Start of Information supplied

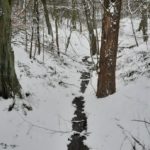 SCHNEE WINTER 7. 2. 2021 (21)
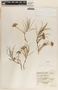 Asclepias rosea image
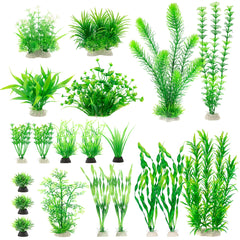 MyLifeUNIT aquarium plants: green varieties for a vibrant freshwater tank.
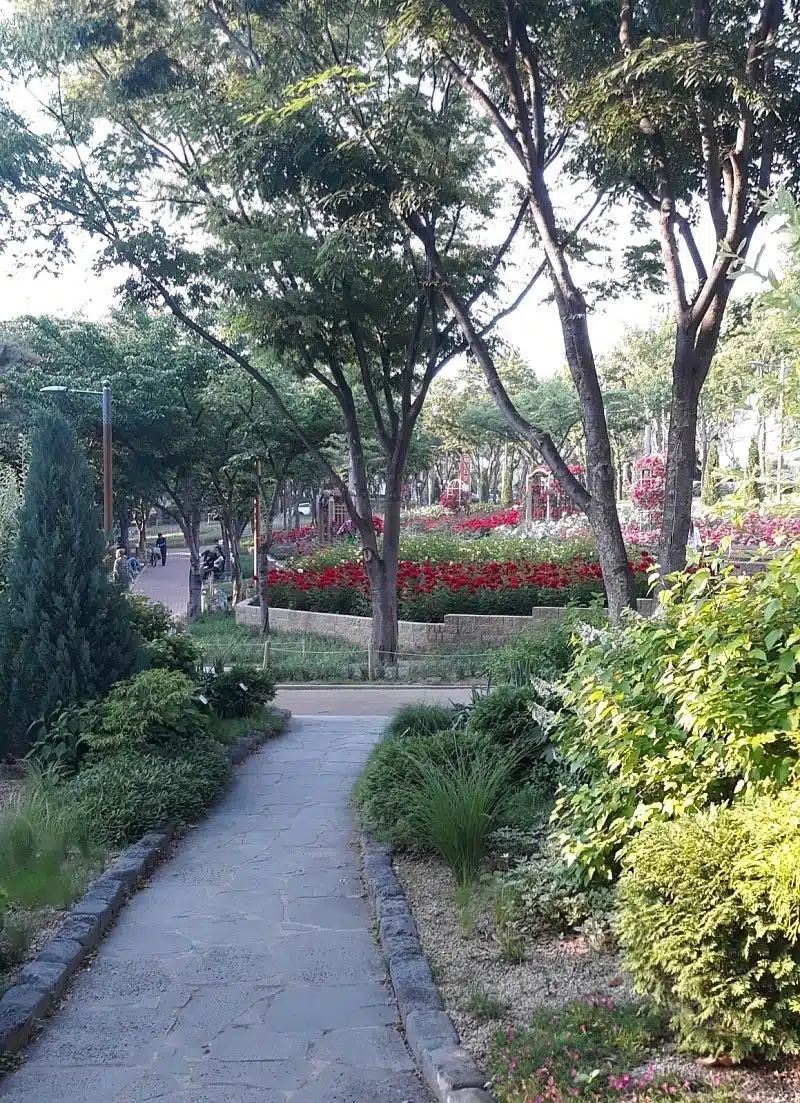 오후 산책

End of Information supplied

**Exercise objective:** Please return only the lines running from the line with "Asclepias rosea image" to the final line of the data, both included, exactly and without any pictures.

**Solution to this task:**
 Asclepias rosea image
 MyLifeUNIT aquarium plants: green varieties for a vibrant freshwater tank.
 오후 산책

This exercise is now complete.